System-wide solutions for power constraint systems have been proposed that aim at increasing the throughput of systems by leveraging the idea of hardware overprovisioning [12, 24, 32, 33, 11] . Sarood et al. [34] proposed a scheme of determining an optimal number of nodes under strong scaling of applications executing on an overprovisioned system while distributing power between CPU and memory. Etinski et al. [10, 9] proposed the use of dynamic voltage and frequency scaling (DVFS) at the job scheduling-level to save energy and improve overall job performance. Patki et al. [25] proposed power-aware backfilling to improve the throughput of the system. Ellsworth et al. [8] presented a power scheduler that enforced a system-wide power bound by reallocating power across the cluster. Our work differs from all of the above because our approach takes the performance variation across processors of a cluster into account while scheduling and tuning jobs for performance.
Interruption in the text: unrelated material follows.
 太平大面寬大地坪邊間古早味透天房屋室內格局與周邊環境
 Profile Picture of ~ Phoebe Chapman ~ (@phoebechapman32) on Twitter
Inadomi et al. [18] propose performance optimizations across inhomogeneous processors. It provides a detailed analysis of the phenomenon across multiple clusters and provides a set of simple algorithms for intelligent power balancing. These algorithms, while groundbreaking, suffered from two serious limitations. First, the processor power model assumed that CPU clock frequency increased proportionally with power. While that is a useful simplification, our work here shows that the story is not nearly so simple. Second, the algorithms assumed the ideal number of nodes to use was fixed a priori. In our approach, PPart and PTune jointly determine the ideal number of nodes and the power budget for every job at the time of scheduling. While the result of both of our approaches is a power schedule, we are solving a fundamentally different problem.
Kappiah et al. [21] presented a system that saves energy at the expense of execution time by scaling down the frequencies of the cores when they encounter slack time in an MPI application. Rountree et al. [28] used linear programming to establish a bound on optimal energy savings of an MPI application and presented a runtime algorithm to save energy in HPC applications with negligible delay [29] . Power conservation by means of turning off unwanted nodes is proposed in [26] . In the above presented solutions, authors used one core per node and their goal was to maximize energy savings with minimal impact on the execution time. In contrast to these solutions, we are intolerant to performance degradation. We use multicore processors and our goal is to minimize the completion time as long as we stay within the power budget.
SUMMARY
We presented a hierarchical variation-aware machine-wide solution for managing power on a hardware overprovisioned machine. It consists of a macro-level Power Partitioner that makes power and job scheduling decisions and a micro-level Power Tuner that determines the optimal processor selection and their power caps for a job such that its performance is maximized under a power constraint. PTune achieves up to 29% improvement in performance compared to uniform power capping. It does not lead to any performance degradation, yet frees up to 40% of resources compared to uniform power capping. PPartition is able to improve the throughput of the machine by 5-35% compared to naïve scheduling under the same machine power budget.
We established that under a power constraint, the variability in performance transforms into variation in peak power efficiency. We believe that this variation in power efficiency should be one of the primary considerations in the future power management research.